ABOUT THIS TASK →
Using the data below, output a verbatim copy of the lines between the one holding "Krāsainie akvareļu zīmuļi BIC, 12 gab." and the one holding "CITY STUDIO Sz", inclusive, without any pictures.

Short web captions:
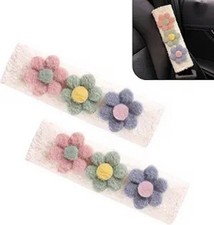 2 Pcs Car Seat Belt Cover Pads Cute Flower Safety Seatbelt Covers Cushion 9.4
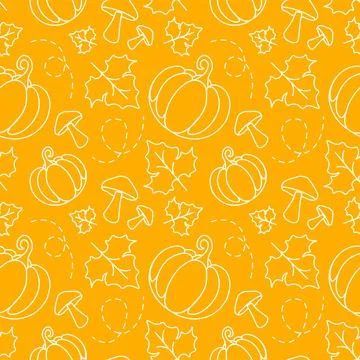 Autumn Seamless Pattern Illustration Element Panoramic of Maple Trees Falle.. 스톡 일러스트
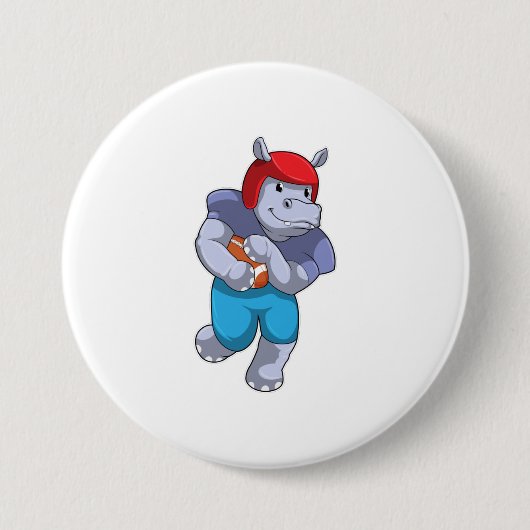 Hippo at Football Sports Ronde Button 7,6 Cm (Voorkant)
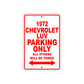 1972 Chevrolet LUV Car Parking Only All Others Will Be Towed Sign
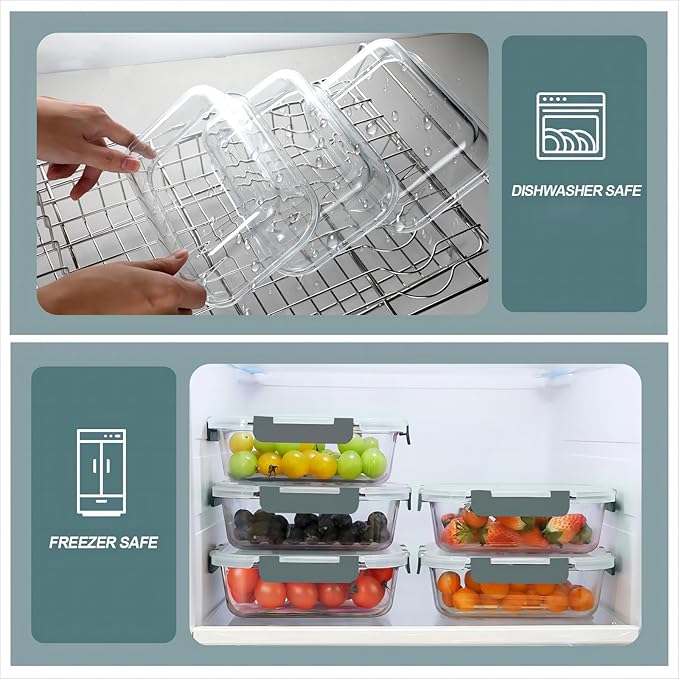 KOMUEE 30 oz 5 Pack Glass Meal Prep Containers, Glass Storage Containers with Lids - Dishwahser, Microwave, Oven and Freezer Safe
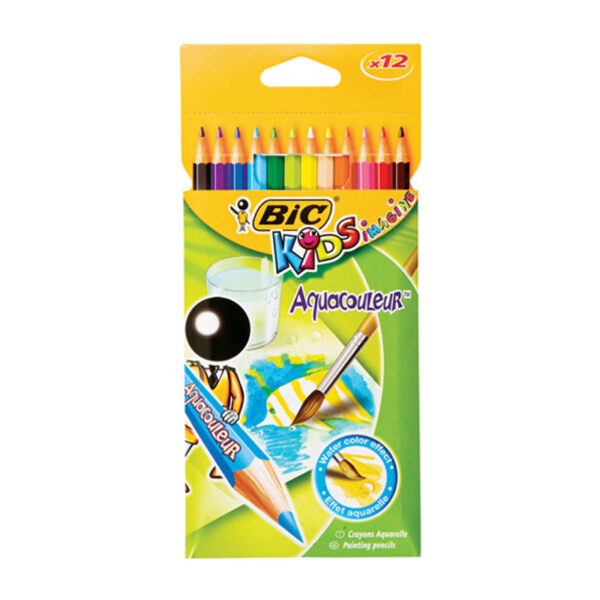 Krāsainie akvareļu zīmuļi BIC, 12 gab.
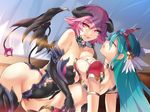  2girls ban breasts cleavage demon erect_nipples green_hair horns original pink_hair pulp_hypnotism tail wings 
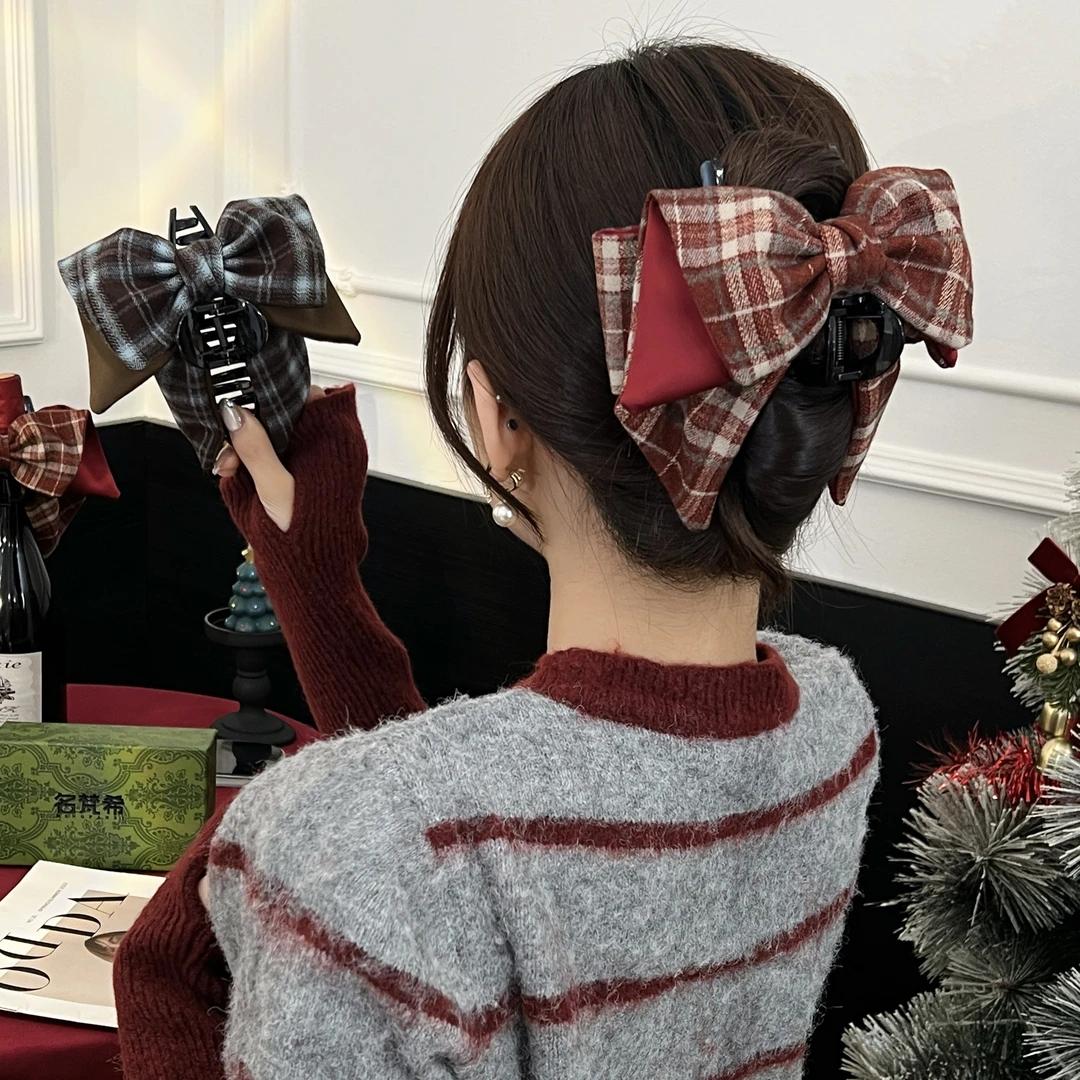 【英伦派对】韩系ins蝴蝶结抓夹女高端2025新款大号复古发夹鲨鱼夹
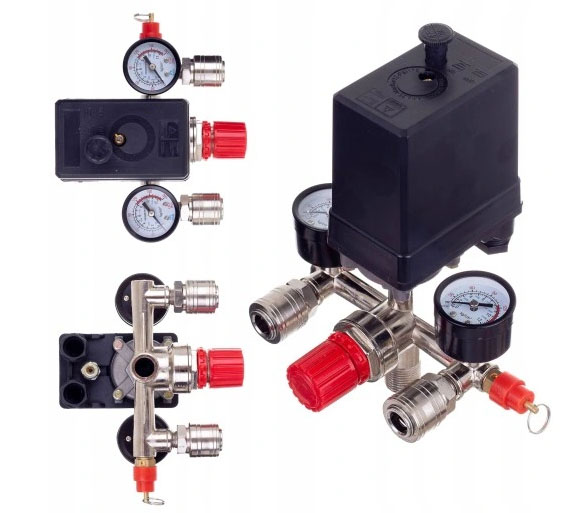 Nyomáskapcsoló kompresszorokhoz 400V, Regulátor, 2x manometer, 2 x gyors csatoló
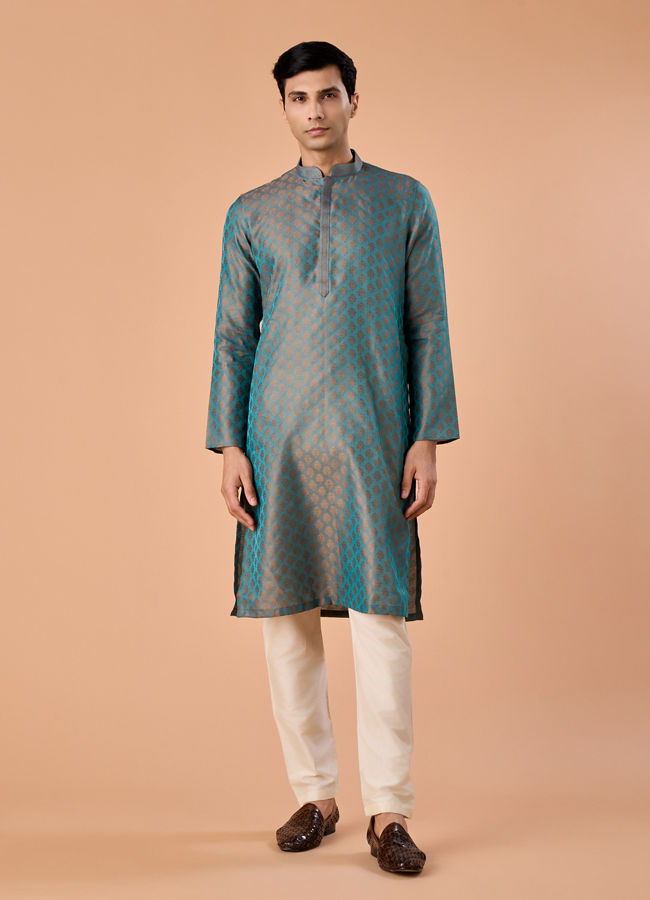 Manyavar Men Teal Green Grandeur Kurta Pajama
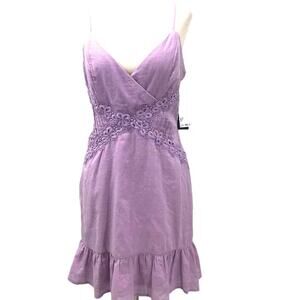 CITY STUDIO Sz 13 L Juniors Purple Embroidered  Sleeveless Mini Dress NWT B147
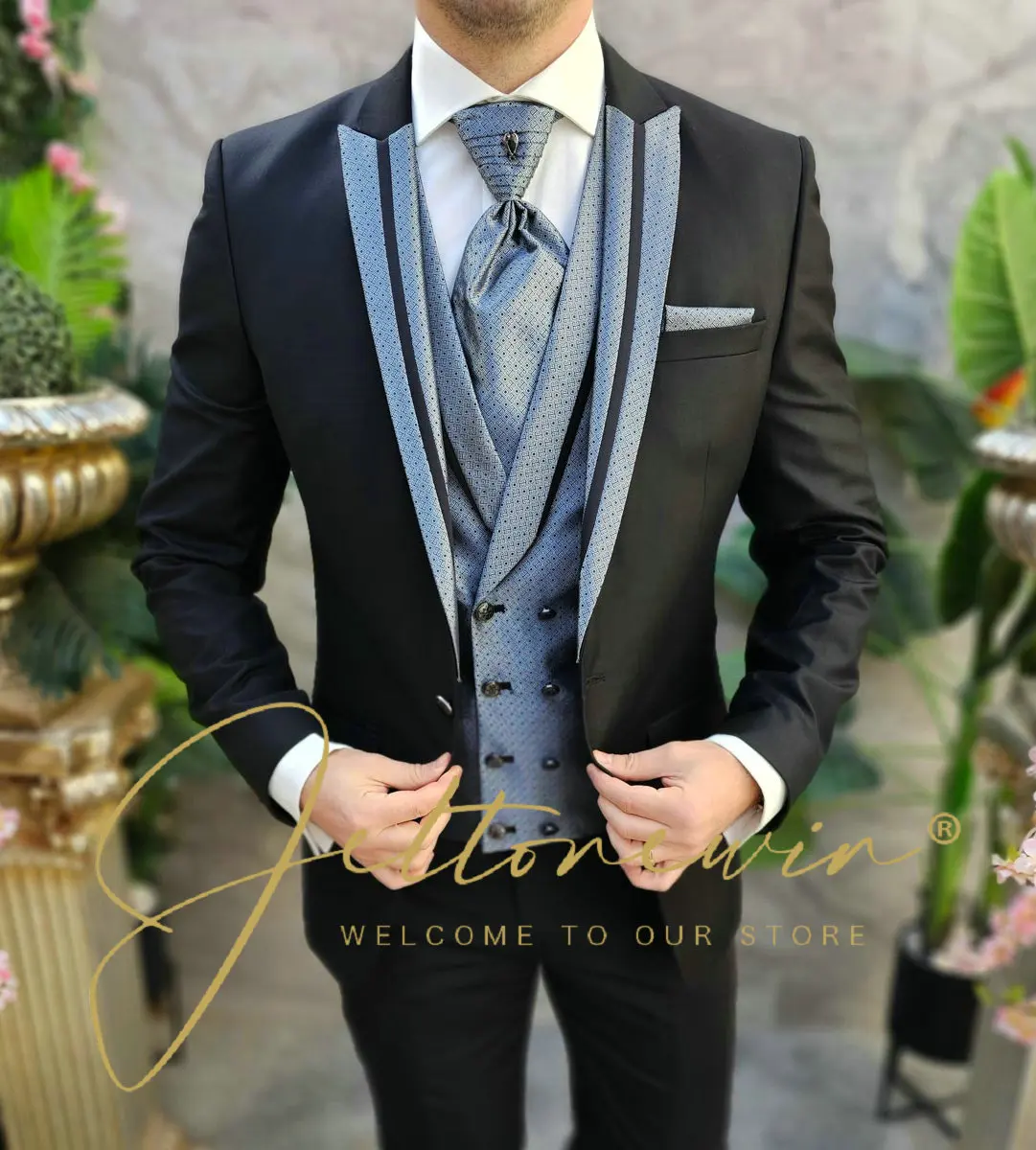 2024 Fashion New Men Leisure Boutique Business Wedding Suit Coat Pants Vest 3 Pcs Set Dress Blazers Jacket Trousers men suit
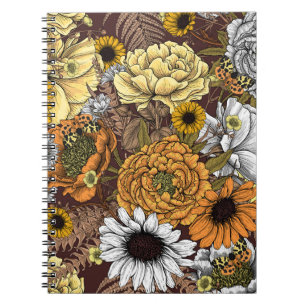 Caderno Espiral Buquê de flores- rosas, peonias, margaridas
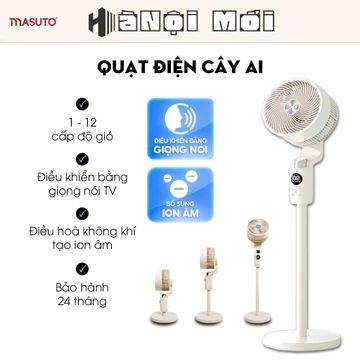 Quạt Điện Cây Masuto Thông Minh AI Điều Khiển Bằng Giọng Nói Quạt Mát Ion Âm Bổ Sung Oxy Điều Hòa Không Khí Remote Từ Xa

EXPECTED ANSWER →
 Krāsainie akvareļu zīmuļi BIC, 12 gab.
  2girls ban breasts cleavage demon erect_nipples green_hair horns original pink_hair pulp_hypnotism tail wings 
 【英伦派对】韩系ins蝴蝶结抓夹女高端2025新款大号复古发夹鲨鱼夹
 Nyomáskapcsoló kompresszorokhoz 400V, Regulátor, 2x manometer, 2 x gyors csatoló
 Manyavar Men Teal Green Grandeur Kurta Pajama
 CITY STUDIO Sz 13 L Juniors Purple Embroidered  Sleeveless Mini Dress NWT B147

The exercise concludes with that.